Banyak netizen menganggap kebijakan ini akan memperburuk kondisi masyarakat, terutama bagi mereka yang bergantung pada kendaraan bermotor untuk mencari nafkah.
"Motor saya satu-satunya alat buat ojek online. Kalau disita karena telat bayar pajak, saya mau makan apa?" kata seorang warganet di Facebook.
Netizen lain juga menyoroti potensi dampak kebijakan ini terhadap sektor usaha kecil.
"Banyak pedagang keliling, kurir, dan pekerja lapangan yang pakai motor buat kerja. Kalau kendaraan mereka dianggap bodong dan enggak bisa dipakai, siapa yang bertanggung jawab?"

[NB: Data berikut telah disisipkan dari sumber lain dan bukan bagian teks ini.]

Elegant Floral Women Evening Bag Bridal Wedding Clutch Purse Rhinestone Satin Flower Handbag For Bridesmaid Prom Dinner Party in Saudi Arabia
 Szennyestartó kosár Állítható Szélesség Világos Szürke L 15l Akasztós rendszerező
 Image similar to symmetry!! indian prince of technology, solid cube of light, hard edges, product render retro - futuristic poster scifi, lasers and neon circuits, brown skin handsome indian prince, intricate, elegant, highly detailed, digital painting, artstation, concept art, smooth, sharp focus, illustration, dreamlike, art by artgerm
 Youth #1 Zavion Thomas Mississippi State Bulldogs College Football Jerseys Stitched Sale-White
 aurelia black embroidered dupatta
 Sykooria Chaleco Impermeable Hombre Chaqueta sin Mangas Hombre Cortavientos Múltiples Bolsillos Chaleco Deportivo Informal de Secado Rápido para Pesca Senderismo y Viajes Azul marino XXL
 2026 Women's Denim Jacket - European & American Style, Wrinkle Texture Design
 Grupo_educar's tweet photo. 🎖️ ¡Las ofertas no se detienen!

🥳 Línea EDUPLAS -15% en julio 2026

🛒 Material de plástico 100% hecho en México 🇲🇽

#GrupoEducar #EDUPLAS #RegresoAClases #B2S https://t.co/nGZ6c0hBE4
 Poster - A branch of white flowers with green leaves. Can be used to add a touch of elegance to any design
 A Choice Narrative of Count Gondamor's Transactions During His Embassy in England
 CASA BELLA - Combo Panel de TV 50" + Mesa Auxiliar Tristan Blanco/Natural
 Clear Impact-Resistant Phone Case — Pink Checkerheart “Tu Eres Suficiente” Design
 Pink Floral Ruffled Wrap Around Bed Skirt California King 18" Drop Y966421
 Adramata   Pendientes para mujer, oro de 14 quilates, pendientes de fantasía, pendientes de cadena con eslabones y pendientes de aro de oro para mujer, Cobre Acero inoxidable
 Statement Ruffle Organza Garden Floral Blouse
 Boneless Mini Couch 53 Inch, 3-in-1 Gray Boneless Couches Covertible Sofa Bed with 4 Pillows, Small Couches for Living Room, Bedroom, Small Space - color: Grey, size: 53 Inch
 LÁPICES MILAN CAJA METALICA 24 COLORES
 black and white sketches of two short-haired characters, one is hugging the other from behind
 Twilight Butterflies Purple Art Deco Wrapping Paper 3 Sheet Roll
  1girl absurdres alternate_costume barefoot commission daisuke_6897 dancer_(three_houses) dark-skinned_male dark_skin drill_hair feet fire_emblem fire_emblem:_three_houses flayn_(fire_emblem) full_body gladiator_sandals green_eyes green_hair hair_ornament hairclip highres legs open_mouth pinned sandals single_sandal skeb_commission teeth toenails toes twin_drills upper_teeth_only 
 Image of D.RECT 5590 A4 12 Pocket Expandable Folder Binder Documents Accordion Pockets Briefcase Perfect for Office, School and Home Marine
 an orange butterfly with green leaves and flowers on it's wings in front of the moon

Sejumlah warganet menuding bahwa kebijakan ini dibuat hanya untuk meningkatkan pendapatan negara tanpa mempertimbangkan kondisi ekonomi rakyat.
"Kok kayaknya pemerintah cuma mikir duit pajak doang? Kenapa enggak ada solusi lain buat meringankan beban rakyat, misalnya keringanan atau cicilan pajak?" ujar seorang pengguna Instagram.
Sebelumnya, berdasarkan regulasi ini, kendaraan bermotor dengan Surat Tanda Nomor Kendaraan (STNK) yang mati selama dua tahun akan langsung disita oleh pihak kepolisian.
Sebagaimana diketahui, setiap pengendara wajib memiliki STNK sebagai bukti registrasi dan identifikasi kendaraan bermotor.
Dokumen ini juga berfungsi sebagai bukti kepemilikan, tanda legalitas operasional kendaraan di jalan raya, serta bukti pembayaran pajak kendaraan bermotor.
STNK Wajib Diperpanjang Secara Berkala. Untuk menjaga legalitas kendaraan, pemilik wajib melakukan perpanjangan STNK setiap tahun.
Selain itu, setiap lima tahun sekali, pemilik kendaraan harus memperbarui data kendaraan, mengganti STNK dan pelat nomor, serta membayar pajak kendaraan.
Namun, jika STNK tidak diperpanjang selama dua tahun berturut-turut setelah masa berlaku habis, kendaraan berisiko disita dan datanya dihapus dari daftar registrasi kendaraan bermotor.